## GIVEN ENTRIES:
****************************************

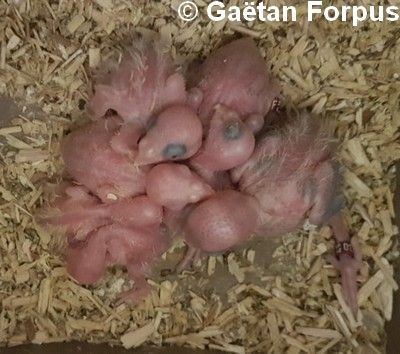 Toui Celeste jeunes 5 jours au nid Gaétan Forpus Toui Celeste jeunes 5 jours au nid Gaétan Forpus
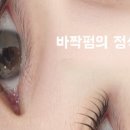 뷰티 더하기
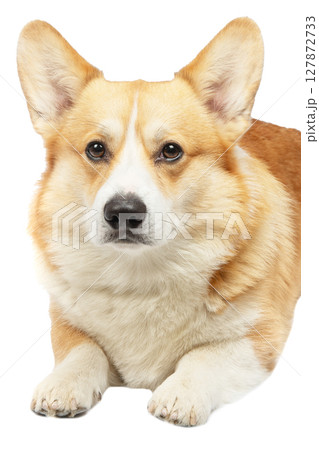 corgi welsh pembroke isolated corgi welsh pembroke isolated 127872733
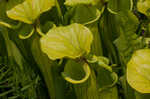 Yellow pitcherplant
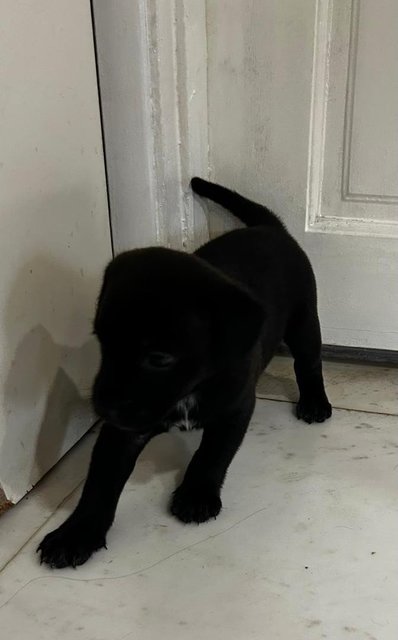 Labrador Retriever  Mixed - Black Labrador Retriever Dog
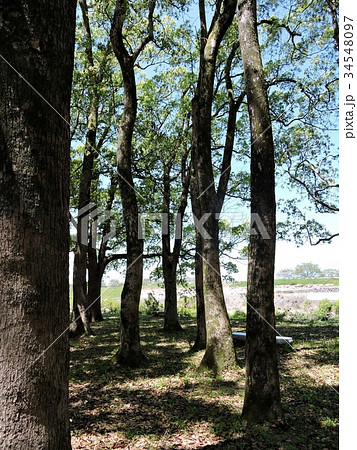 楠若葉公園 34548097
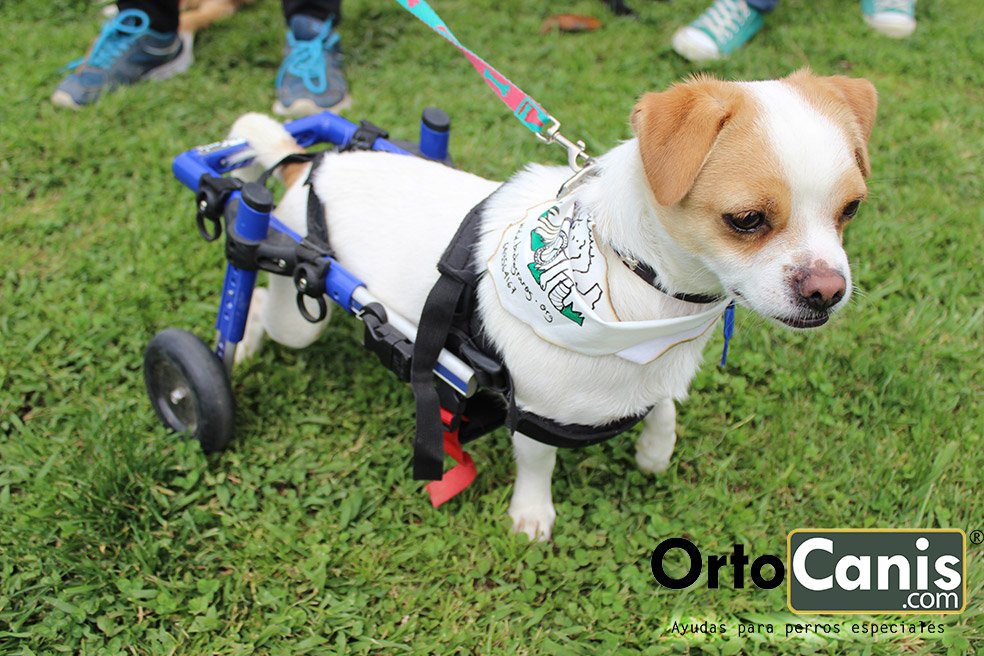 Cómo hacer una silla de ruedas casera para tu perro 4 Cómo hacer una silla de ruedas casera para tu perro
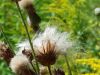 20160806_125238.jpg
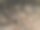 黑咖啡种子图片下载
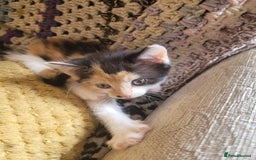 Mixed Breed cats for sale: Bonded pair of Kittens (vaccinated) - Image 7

****************************************

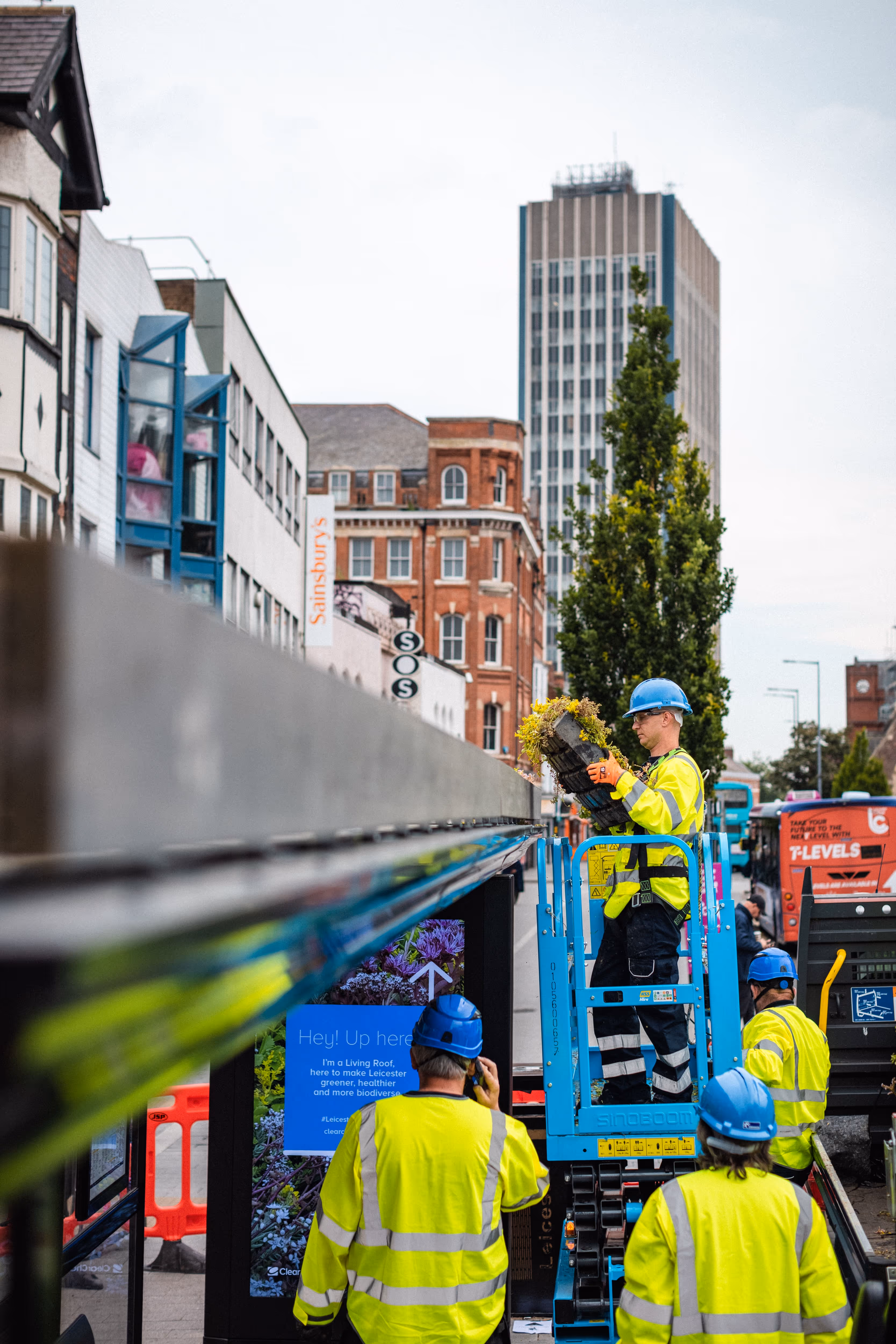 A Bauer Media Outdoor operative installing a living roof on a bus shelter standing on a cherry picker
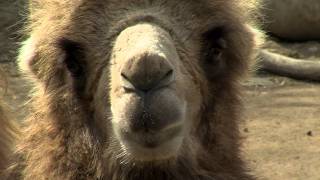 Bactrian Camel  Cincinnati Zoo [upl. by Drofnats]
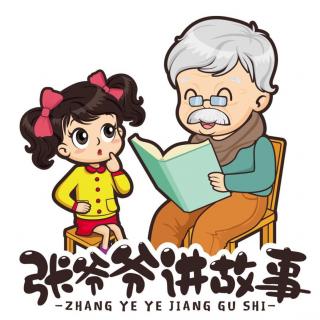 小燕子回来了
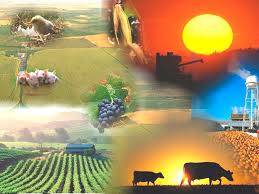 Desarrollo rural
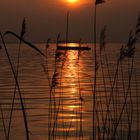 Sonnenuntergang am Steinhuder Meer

****************************************

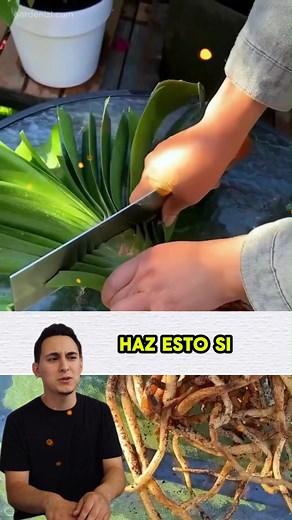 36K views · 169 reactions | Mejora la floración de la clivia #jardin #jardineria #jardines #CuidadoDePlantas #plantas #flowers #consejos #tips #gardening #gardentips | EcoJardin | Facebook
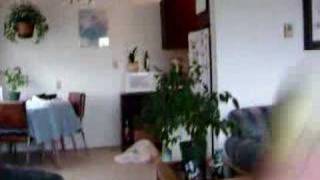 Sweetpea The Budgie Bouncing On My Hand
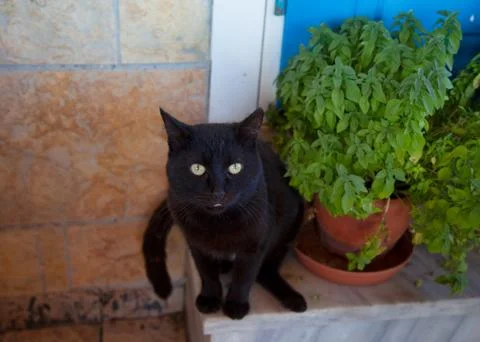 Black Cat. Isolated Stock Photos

****************************************

Please output, exactly as written, the lines above from the one holding "[upl. by Drofnats]" through the one holding "Sonnenuntergang am Steinhuder Meer", both included, with the pictures omitted.

## FINISHED EXERCISE:
 Bactrian Camel  Cincinnati Zoo [upl. by Drofnats]
 小燕子回来了
 Desarrollo rural
 Sonnenuntergang am Steinhuder Meer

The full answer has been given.